Using natural language processing to extract an address from a tweet

How to parse freeform street/postal address out of text, and into components answers the question "Is there a way to isolate an address from the text around it and break it into pieces?" -- which is essentially the same question as yours (except that you don't care about breaking it into pieces -- just isolating it from the rest of the text).

SmartyStreets also has a nice demo at https://smartystreets.com/demo?mode=extract , but not a free solution unfortunately.

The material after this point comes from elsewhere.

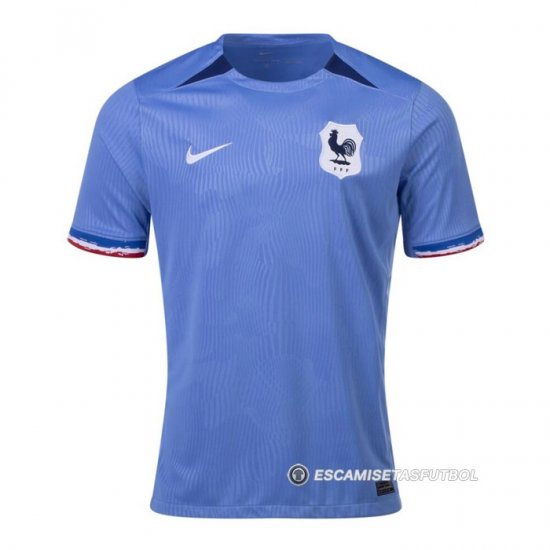 Tailandia Camiseta Francia 1ª 2023 - Haga un click en la imagen para cerrar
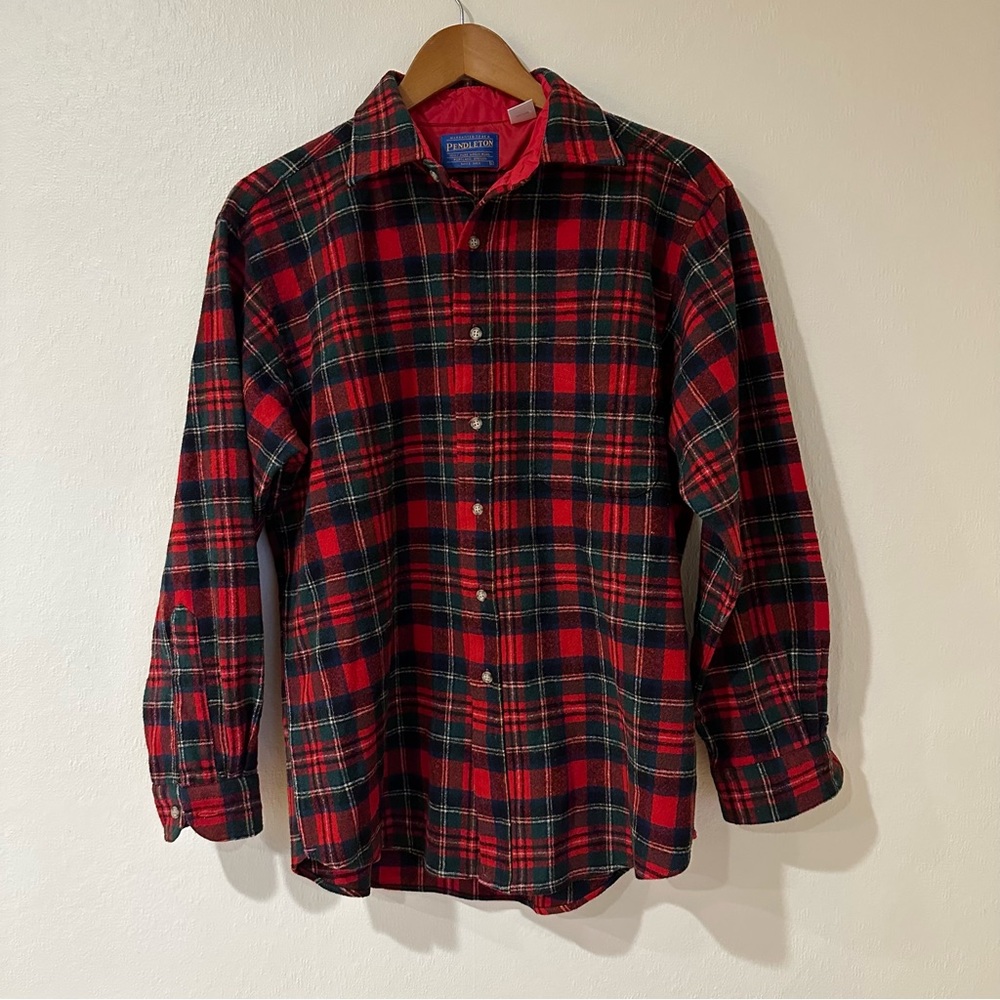 Vintage Pendleton flannel shirt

Another quick thought -- Since twitter posts are limited to 140 characters, and tend to contain few words (your two examples have 9 and 12 words, respectively), you could conceivably just brute-force it. For example, to get the location in "@twitterbot, what's near Yonge & Dundas, Toronto? I'm hungry!", you could send all of the following to the google geocoder --

what's near Yonge & Dundas, Toronto? I'm hungry!

what's near Yonge & Dundas, Toronto? I'm

what's near Yonge & Dundas, Toronto?

what's near Yonge & Dundas,

etc. for all possible substrings composed of complete words.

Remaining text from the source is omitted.